I tried a 20k text log file and it doesn't parse well and give results, which I think is a pity. We need this kind of scene very much, can we optimize it?
你好! 你是对的。Copilot Chat 的容量有限,如果文件非常大,则无法分析整个文件。你可能想尝试向机器询问更具体的问题。比如,你可以问“请在我提供的日志文件中尽可能多地寻找出险的条目,而为我总了结一下?”。
Maybe so, I'll give it a try. Today I gave him a 220k txt file. I hope it can help me analyze which logs in this file are safe and which are not safe. It can print out part of the logs for me, but only part of them, such as I tell it the second log, when I tell it the 10th log it doesn't know. Maybe I need your tips and help, how can I operate better in this situation? Does it analyze logs using openai? What does coploit chat do in this process? Can the default dialogue return to Chinese?
Hello!
The bot will not be able to fit the entire document in one response due to token limit. A general rule is to try to ask more specific questions about the document. In addition, the default chunking strategy for document import may not work well with logs (I am assuming your logs have relatively structured entries compared to other types of documents such as a company annual report). I encourage you to experiment with other chunking strategies in the document import controller.
The bot uses the AI services of your choice. They can be OpenAI, Azure OpenAI or a combination of both.
Unfortunately, the bot by default will return in English because the prompts are written in English. We have not tested the capability of the bot chatting in other languages. I highly encourage you to experiment with the prompts in Chinese to see how well it works :)
你好! 你是对的。Copilot Chat 的内容有限,如果文件非常大,则无法分析整个文件。你可能想尝试向机器询问更具体的问题。

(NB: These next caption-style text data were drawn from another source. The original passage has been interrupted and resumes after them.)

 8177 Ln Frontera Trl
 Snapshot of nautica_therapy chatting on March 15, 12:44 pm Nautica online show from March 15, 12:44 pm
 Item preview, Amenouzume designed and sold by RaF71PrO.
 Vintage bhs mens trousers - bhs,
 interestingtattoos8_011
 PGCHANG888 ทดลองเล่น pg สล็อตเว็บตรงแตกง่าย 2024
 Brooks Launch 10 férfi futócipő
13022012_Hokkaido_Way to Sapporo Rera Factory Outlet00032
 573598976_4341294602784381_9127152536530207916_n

比如,你可以问“请在我提供的日志文件中尽可能多地寻找出险的条目,而为我总了结一下?”。
也许是这样,我会试一试。今天我给了他一个220k的txt文件。希望能帮我分析一下这个文件里面哪些日志是安全的,哪些是不安全的。它可以帮我打印出一部分日记,但只能打印一部分,比起我告诉它第二条日志,当我告诉它第十条日志它不知道。也许我需要你的提示和帮助,我怎样才能在这种情况下情况下更好地操作?它使用openai分析日志吗?coploit chat在这个过程中做了什么?默认对话能恢复中文吗?
你好!
由于指令牌限制,机器人将无法将整个文件放入一个响应中。一般规则是尝试询问有关文件的更全面的问题。另外,文件导入的默认分块策略可能不适合用于日志(我假设你的日志与其他类型的文档(例如公司年度报告)相比较具有相关结构化的条目)。我鼓励您在文档导入控制器中尝试其他分块策略。

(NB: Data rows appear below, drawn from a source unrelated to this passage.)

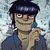 Damie904's avatar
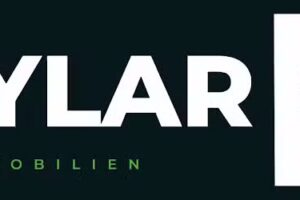 Skylar Immobilien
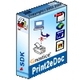 Gnostice Information Technologies представляет Print2eDoc SDK 1.0 Gnostice Information Technologies представляет Print2eDoc SDK 1.0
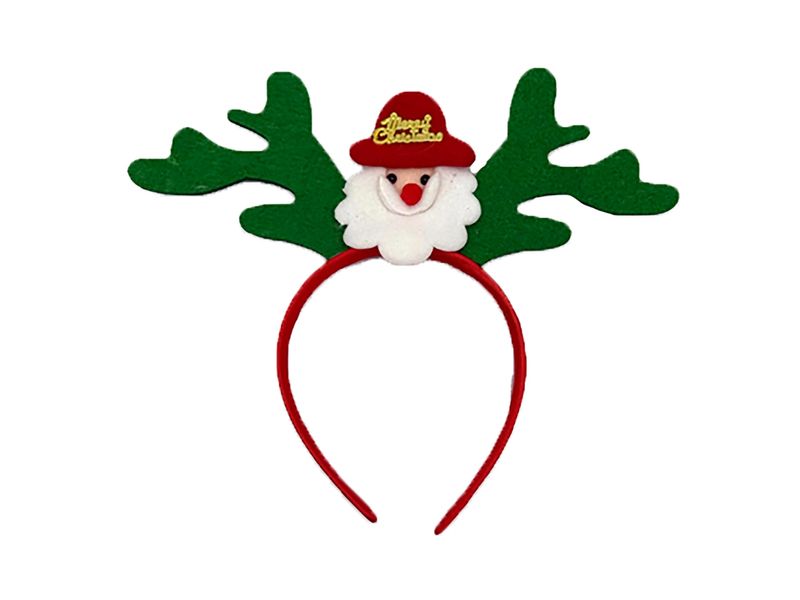 GTIN-1041838416310-01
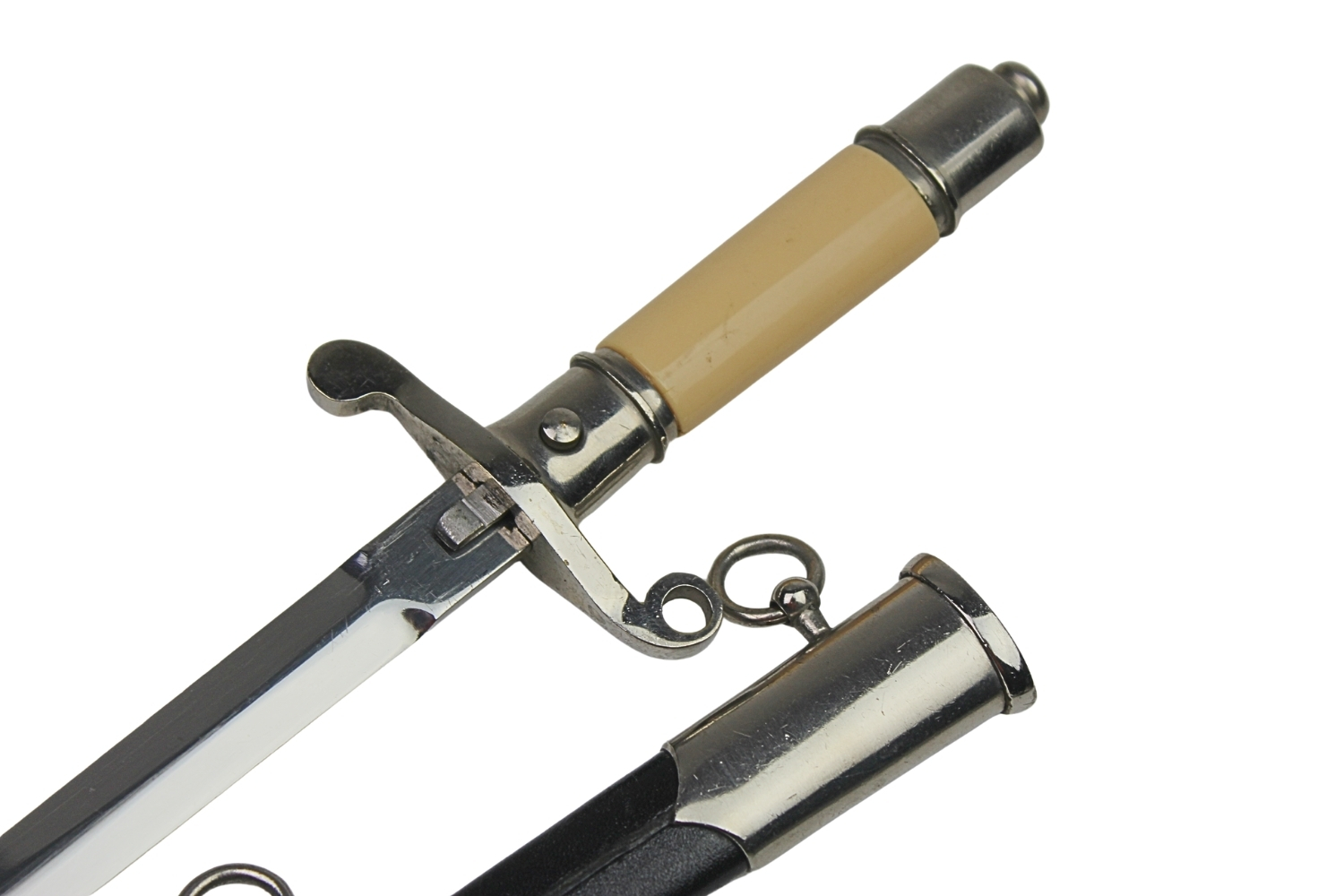 KORDZIK LOTNICTWA WZ 54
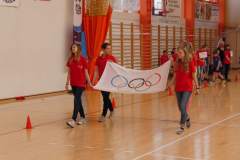 igrzyska_20140408_1721466627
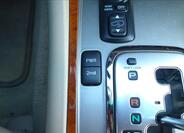 Toyota Land Cruiser 32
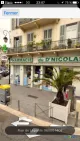 Pharmacie Paul Montel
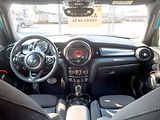 Mini Cooper S (2018) 12/18 2.0T 141KW mat - náhled 16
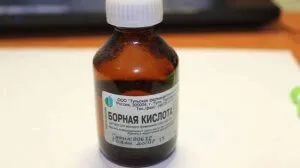 вуха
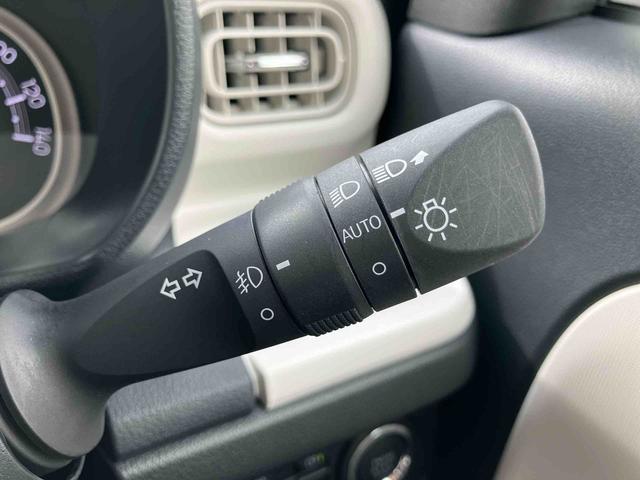 ムーヴキャンバスストライプスＧターボターボ　Ｂカメラ　全車速追従クルコン　ＬＥＤヘッドライト　オートライト　ＡＤＢ　ホッとカップホルダー　スマアシ　コーナーセンサー　シートヒーター　電動駐車ブレーキ　両側Ｐスラ　キーフリー　盗難防止警報（千葉県）の中古車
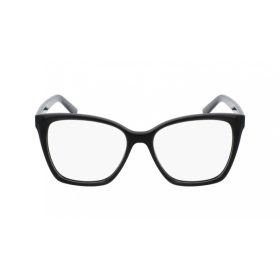 Karl Lagerfeld KL6050 001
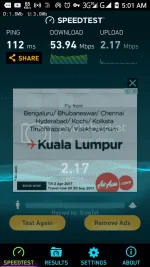 Screenshot_2017-04-02-05-01-47_zpsc9tn0yea.webp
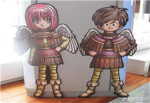 dragon quest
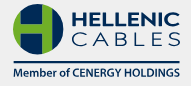 Hellenic Cables logo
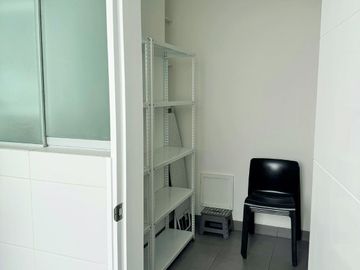 VENDO DEPARTAMENTO EN MIRAFLORES - ARMENDÁRIZ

该机器人使用您选择的 AI 服务。它们可以是 OpenAI、Azure OpenAI 或两者的组合。
不幸的是,默认情况下,机器人会以英文返回,因为提示是用英文写的。我们还没有测试机器人用其他语言聊天的能力。我强烈建议您尝试使用中文提示,看看效果如何 :)

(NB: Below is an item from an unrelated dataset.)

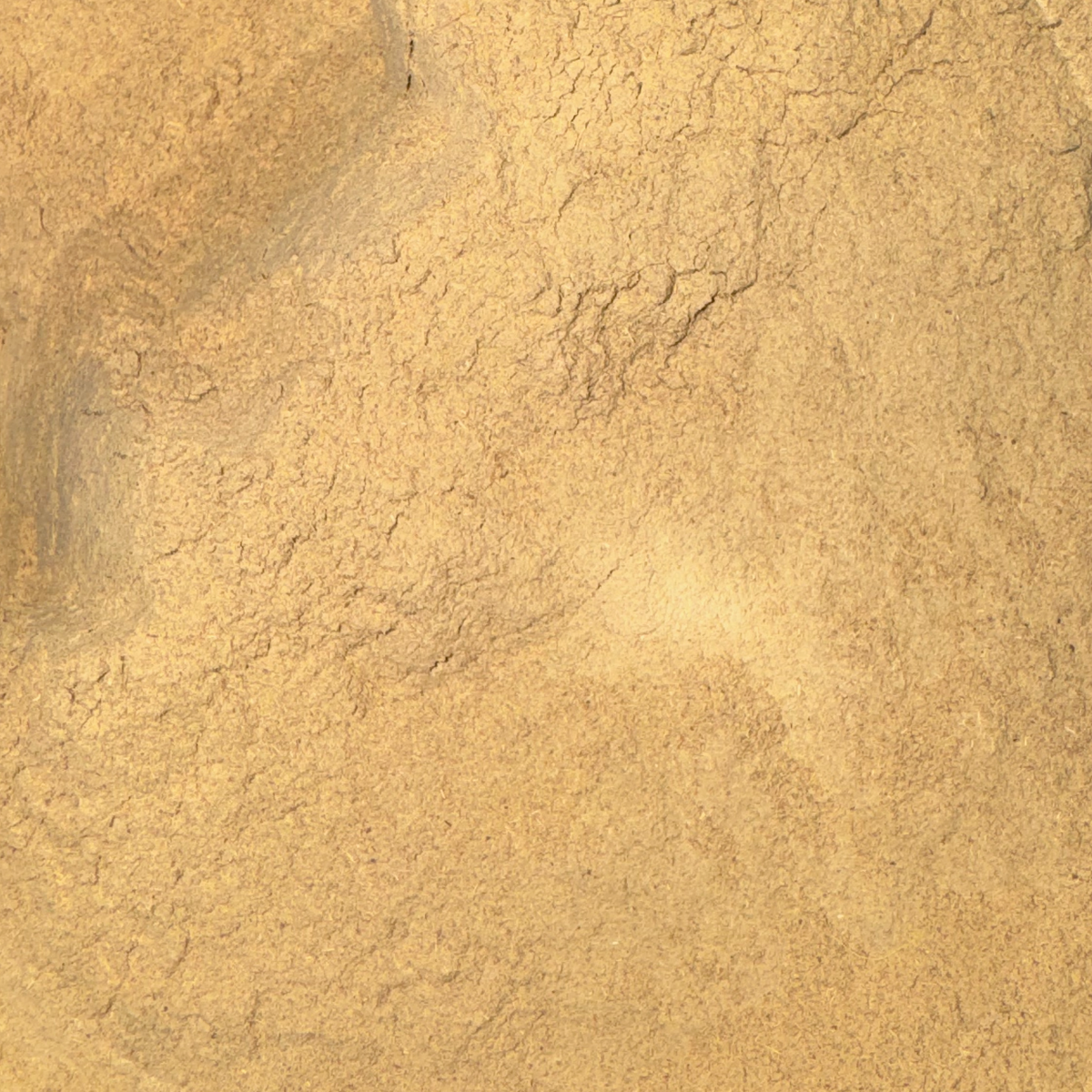 Licorice Root Powder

How can I try other chunking strategies in the document import controller? Because the http request message cannot be in the format of Microsoft's annual report, I tried to use dividing lines and other methods, but it didn't work. Is there room for optimization in this area?
How can I change the prompt words to Chinese? Do you need to modify the source code? I use Chinese to ask questions, and the response is also in English. Generally speaking, I will ask coploit to make it return in Chinese, which is okay.
Here is where the chunking is taking place currently: https://github.com/microsoft/semantic-kernel/blob/main/samples/apps/copilot-chat-app/webapi/CopilotChat/Controllers/DocumentImportController.cs#L184. Feel free to experiment with other strategies that suit your need.
You can find the prompts here: https://github.com/microsoft/semantic-kernel/blob/main/samples/apps/copilot-chat-app/webapi/appsettings.json#L152. You will need to modify the source code since some parts of the prompts are hardcoded in the ChatSkill: https://github.com/microsoft/semantic-kernel/tree/main/samples/apps/copilot-chat-app/webapi/CopilotChat/Skills/ChatSkills
Closing now as it appears this issue has been resolved. Please reopen as needed.